For this theme, I actually picked out a few dresses that were even more unusual than head-to-toe black. Soft netting can reveal a multitude of complimentary shades, such as the nude skirts on these. A touch more feminine, these can help instill confidence if you're worried about the opinions of others (even though you should absolutely be ignoring most as long as you're happy!). Interestingly enough, black is commonplace for the groom, and a light gold or champagne jacket may be a welcome change. These dresses would be at harmony with his choice.

Be aware of your fabric and cut - lace is beautiful in black, but too much and your look could be a little too Neo-Victorian, and unless it's a Steampunk wedding, probably best to avoid these elements in your dress in order to stray away from the austere and keep it opulent. Asymmetric or strapless styles, rather than full sleeves, steer a black dress away from visions of funeral parlours.

Bridesmaids also have the opportunity to look especially classy in a nude or oyster dress with black details.

A final detail... the cake. You might have been waiting for this, thinking, surely not a black cake?! Well, yes! It's possible to have a cake as black as the night sky and have it still look appetising. Who doesn't love a Brooklyn blackout cake? In fact, any flourless chocolate cake will provide you with a dark, dense slice, and black or rich brown buttercream, finished with dark forest fruits, will create a memorable display. I also love the idea of gold leaf to add a hint of glamour to an otherwise rather robust and rustic cake.

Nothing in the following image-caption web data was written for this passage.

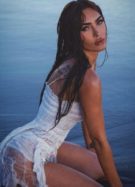 Megan Fox pose en petite robe blanche sur une plage abandonnée // Source : Capture d'écran Instagram
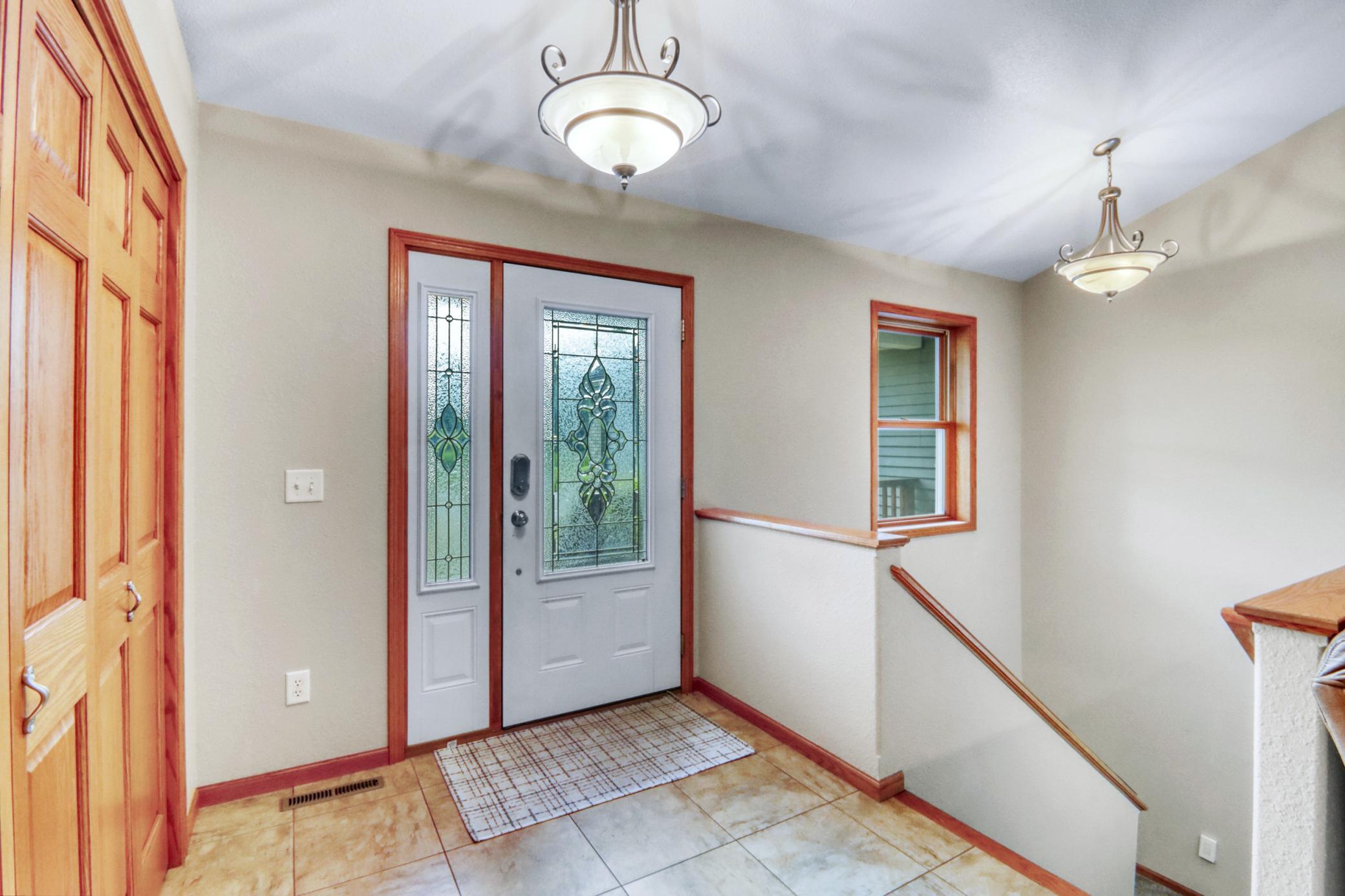 2007 single family home for sale at 1084 Timber Drive in Detroit Lakes, MN — 5 bed, 3 bath (photo 9 of 63)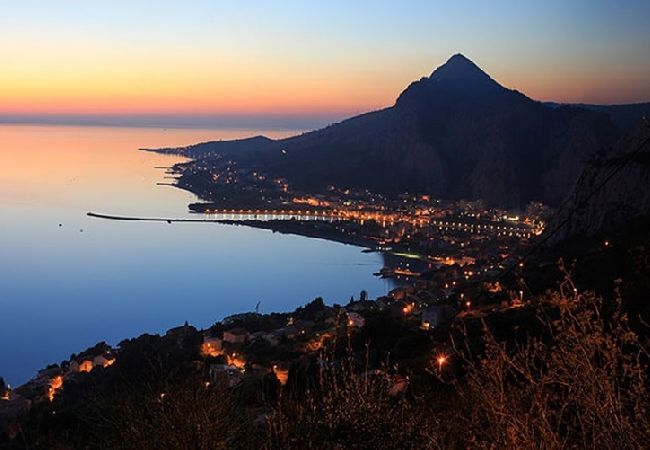 Дом на Omiš - дом отдыха в Omiš c терраса, Спутниковое / кабельное телевидение, WIFI, Балкон / Терраса (4183-1) Дом на Omiš - дом отдыха в Omiš c терраса, Спутниковое / кабельное телевидение, WIFI, Балкон / Терраса (4183-1)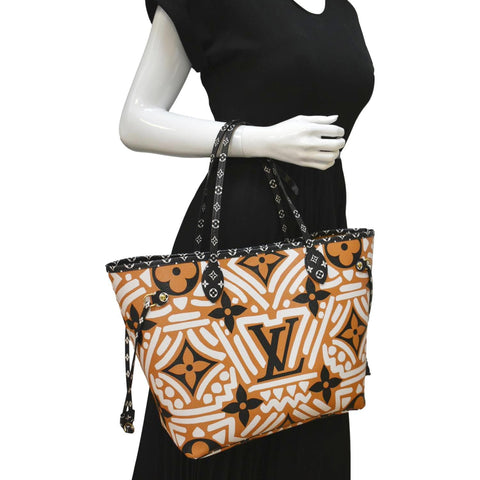 Louis Vuitton Neverfull MM Monogram Canvas Tote Bag - Full View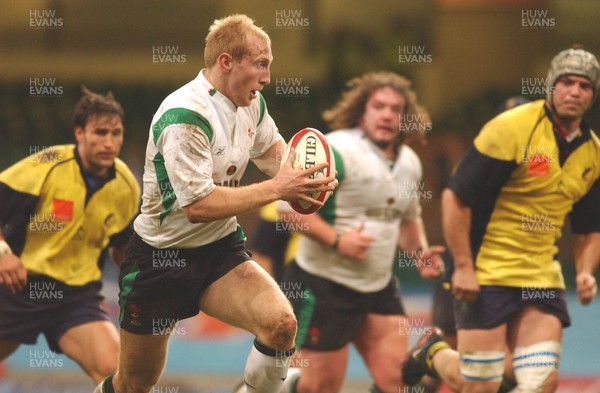 12.11.04 Wales v Romania  Wales Tom Shanklin rips through the Romanian defence  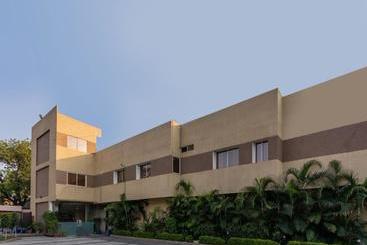 فندق Collection O 79338 Collection O  Sannidhi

I hope you've been inspired by this theme - researching certainly enthralled me. You could say that I've definitely been tempted by the dark side. It's a contemporary theme with the opportunity for lots of exciting details, so if you're thinking of going back to black, make sure you're prepared to be creative. For both the naughty and the nice, a black wedding means more chic than Satanic these days, so get busy!